"I arrived in uniform, not sure what my standing was to be in the house, but thankful to be back there, on any terms, and irresistibly attracted by the spell of Uncle Falcon.
"Our own old butler opened the door to me. I nearly fell upon his neck. The housekeeper, who had known me from infancy, took me up to my room. They wept and laughed, and seemed to look upon my uniform as one of Miss Diana's pranks—half funny, half naughty. Truth to tell, I did feel dressed up, when I found myself inside the old hall again.
"In twenty-four hours, Cousin David, I was installed as the daughter of the house.
"Of Uncle Falcon's remarkable personality, there is not time to tell you now. We took to each other at once, and, before long, he felt it right to put away, at my request, the one possible cause of misunderstanding there might have been between us, by telling me the true reason of his alienation from home, and his breach with my grandfather and my parents.
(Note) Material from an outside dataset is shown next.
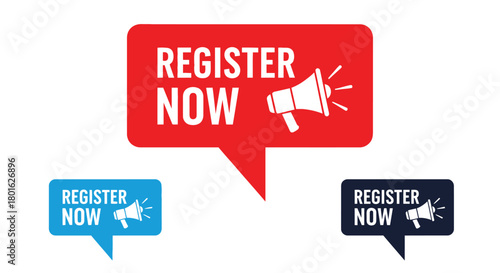 Get started now register for events with this call to action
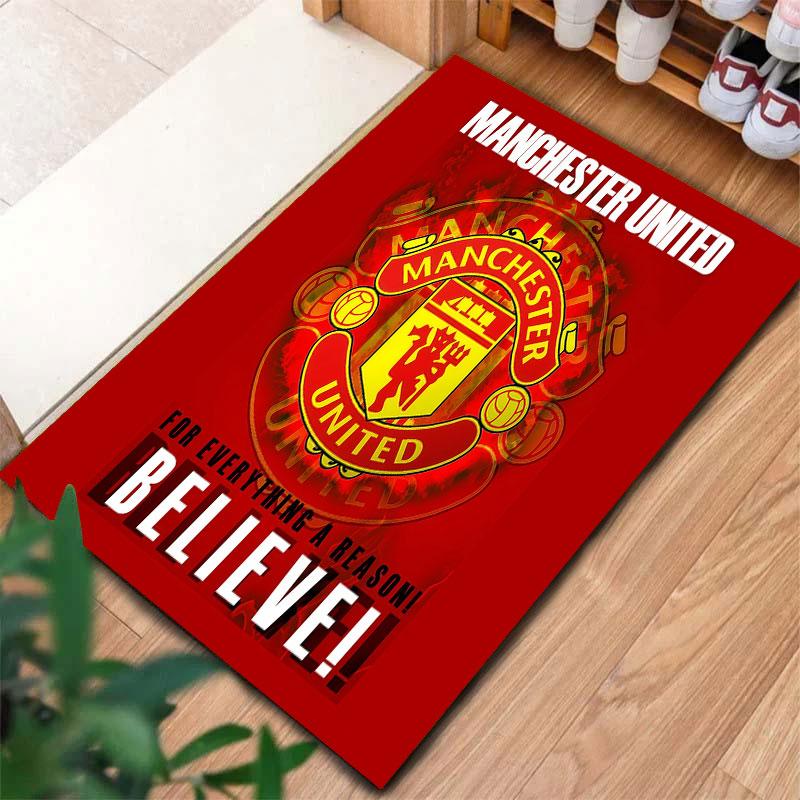 Manchester United F Carpet Rug for Living Room Bedroom Home Sofa Decoration,Kids play Non-slip Floor Mat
"Uncle Falcon was ten years younger than my grandfather. My mother, then a very lovely woman, in the perfection of her beauty, was ten years older than my father, a young subaltern just entering the army. My mother was engaged to Uncle Falcon, who loved her with an intensity of devotion, such as only a nature strong, fiery, rugged as his, could bestow.
"During a visit to Riverscourt, shortly before the time appointed for her marriage to Uncle Falcon, then a comparatively poor man with no prospects—my mother met my father. My father fell in love with her, and my mother jilted Uncle Falcon in order to marry the young heir to the house and lands of Riverscourt. Poor mamma! How well I could understand it, remembering her love of luxury, and of all those things which go with an old country place and large estates. Uncle Falcon never spoke to her again, after receiving the letter in which she put an end to their engagement; but he had a furious scene with my grandfather, who had connived at the treachery toward his younger brother; and then horsewhipped the young subaltern, in his father's presence.
"Shortly afterwards, he sailed for America, and never returned.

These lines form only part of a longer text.